The bar itself didn’t last long after the raid. Over the years, the space was divided and used by a bagel shop, a Chinese restaurant and other establishments, including a gay bar called Stonewall that briefly operated at 51 Christopher St. in the late 1980s. Renovations changed the interior decor.
The current Stonewall Inn, at 53 Christopher St., dates to the early 1990s.
For years, its path was pitted with financial strains, business vagaries and loss. One co-owner, Jimmy Pisano, died three months before the Stonewall rebellion’s 25th anniversary in 1994.
His boyfriend, Thomas Garguilo — a marketing executive who had never planned on managing the bar — recalls a struggle to keep the business afloat for the milestone.
When it came, the Stonewall was indeed open, drawing so many people that a line formed just to take photos in front.

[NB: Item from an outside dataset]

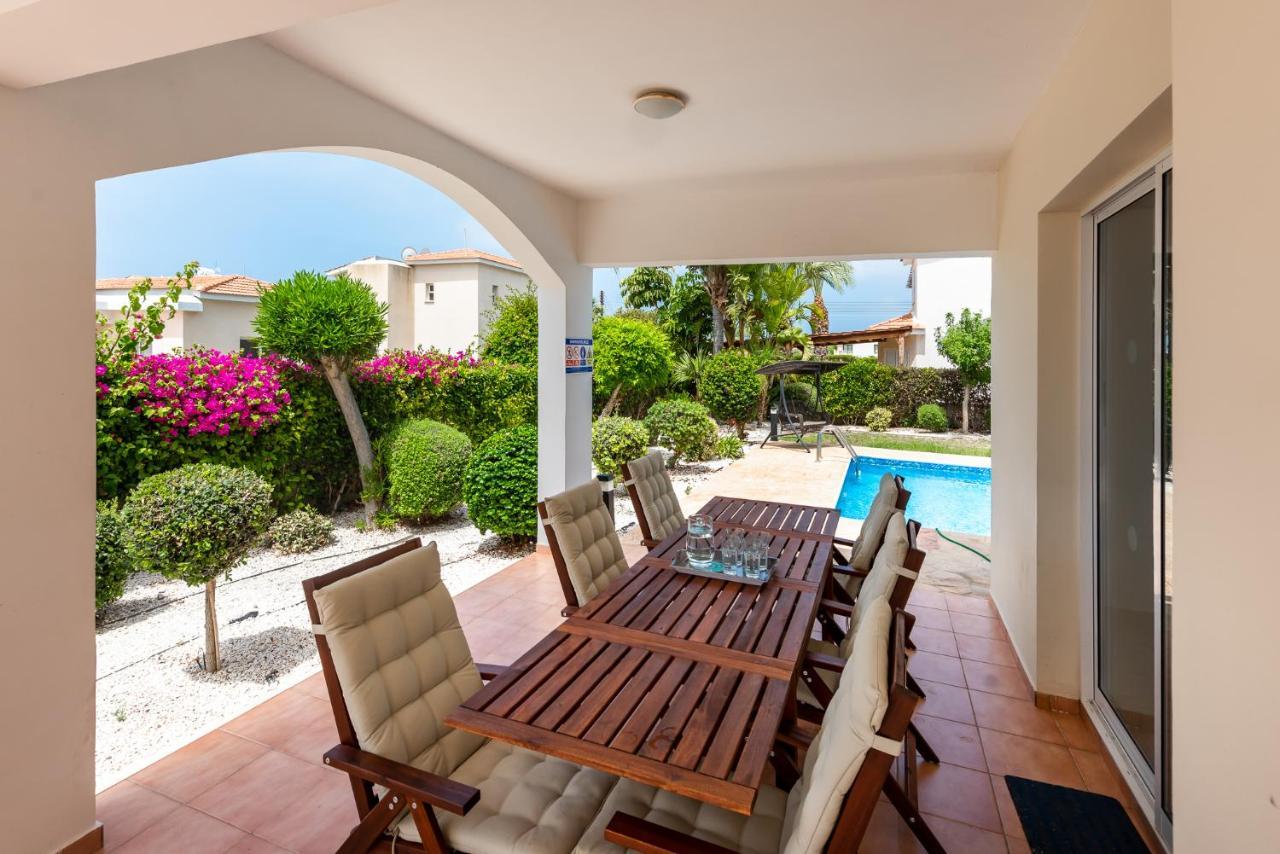 Villa Alysia By Ezoria Villas Korall-öböl Kültér fotó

“It just felt like such a relief, a blessing,” recalls Garguilo. Long gone from the Stonewall, he recently launched a website to highlight Pisano’s role in maintaining what would later become a National Historic Landmark and part of the first national monument to LGBTQ rights.
“People walk past that place today and assume it’s always been there,” Garguilo says.

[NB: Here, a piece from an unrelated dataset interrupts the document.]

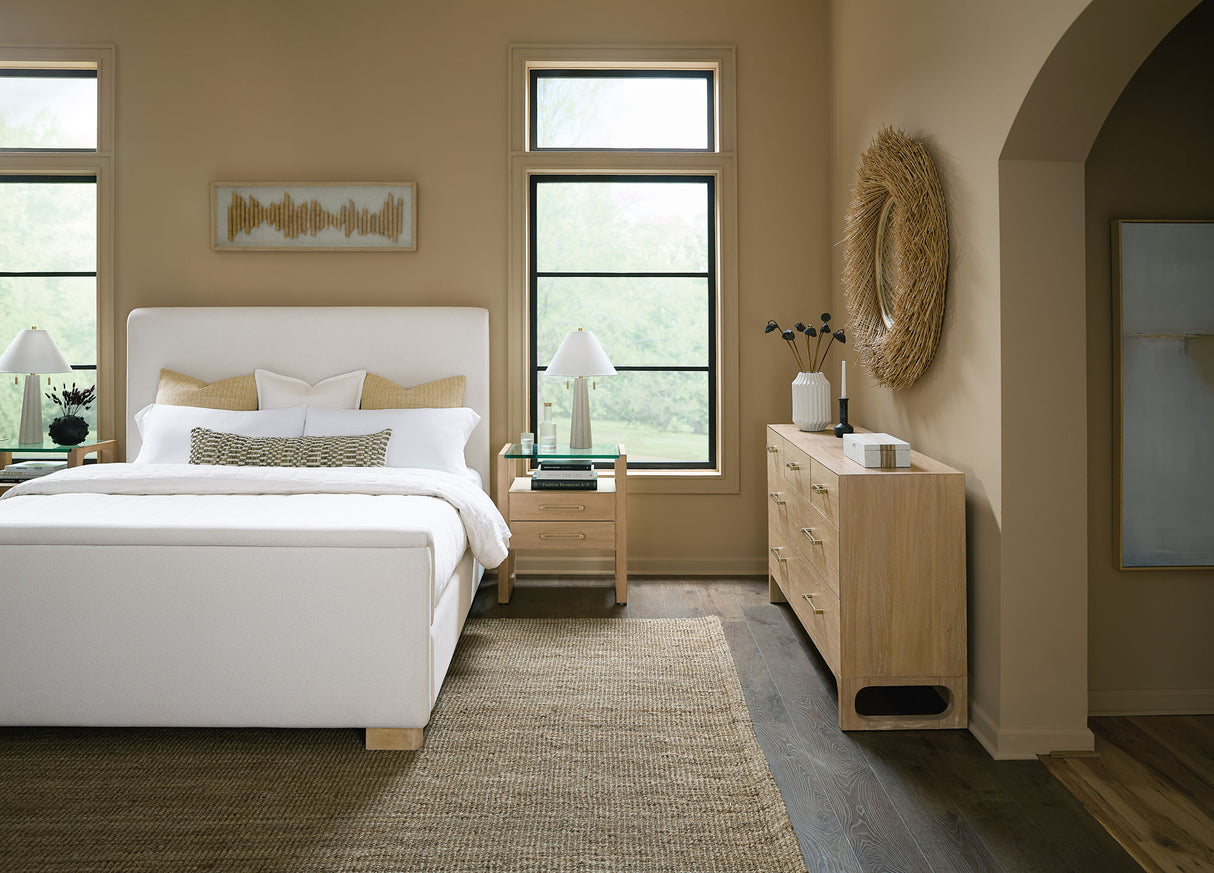 Banyon Bay - Upholstered Bed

Two other figures from Pisano’s tenure, friend and business partner Bob Gurecki and renovation contractor Dominick DeSimone, oversaw the bar’s next chapter, grappling with noise complaints and other issues.
Lentz and co-owner Kurt Kelly acquired the business in 2006, with investors’ help, and have sought to keep its legacy current. They founded the Stonewall Inn Gives Back Initiative in 2017 to raise money to aid LGBTQ organizations in Kansas, Tennessee and elsewhere outside U.S. coastal cities.
“We really feel like the fire that started at Stonewall in 1969 is not done,” Lentz says. “The battleground has just shifted.”
The Stonewall Inn itself remains a place to measure key points in the arc of LGTBQ life in America.
People gathered there to cheer when the Supreme Court legalized gay marriage nationwide in 2015; to mourn the next year when a gunman killed 49 people at a gay nightclub in Florida; and to protest in 2017 when President Trump rescinded guidance that encouraged letting transgender students use the bathrooms of their choice in school.
The Stonewall has also become a sometime political campaign stop. Democratic presidential hopeful and former Vice President Joe Biden visited last week, for example. Former New York City Council Speaker Christine Quinn, who tried in 2013 to become the city’s first female and first openly gay mayor, remembers a rally at the Stonewall as a very meaningful “moment about aspirations and potential” in a campaign that ended at the Democratic primary days later.
The bar still gets police attention, but a very different kind than in 1969.
The Gay Officers Action League, which counts hundreds of active members in the New York Police Department and other nearby law enforcement agencies, holds its monthly meetings in the Stonewall’s upstairs room. The organization planned a get-together at the bar Thursday for members and officers visiting for LGBTQ Pride events to reflect on the rebellion’s 50th anniversary.
“As queer police officers, I think we have an added responsibility of acknowledging and ensuring that that ugly history doesn’t happen again. So it’ll be a nice night of absorbing and really taking a moment to be inside of that place,” GOAL’s president, NYPD Det. Brian Downey, said last week. “It’ll be sort of a pilgrimage.”
The NYPD itself apologized earlier this month for the 1969 raid, which Commissioner James O’Neill called “discriminatory and oppressive.”
The Stonewall’s recent history has had some difficult moments, including a 2010 attack on a patron by two men who eventually pleaded guilty to hate crime assault. But problems have been few, says Kelly, who likes to tend bar from time to time.
He’s especially pleased when customers who don’t know its history wander in.
“Because,” he says, “I get to tell the story over and over again.”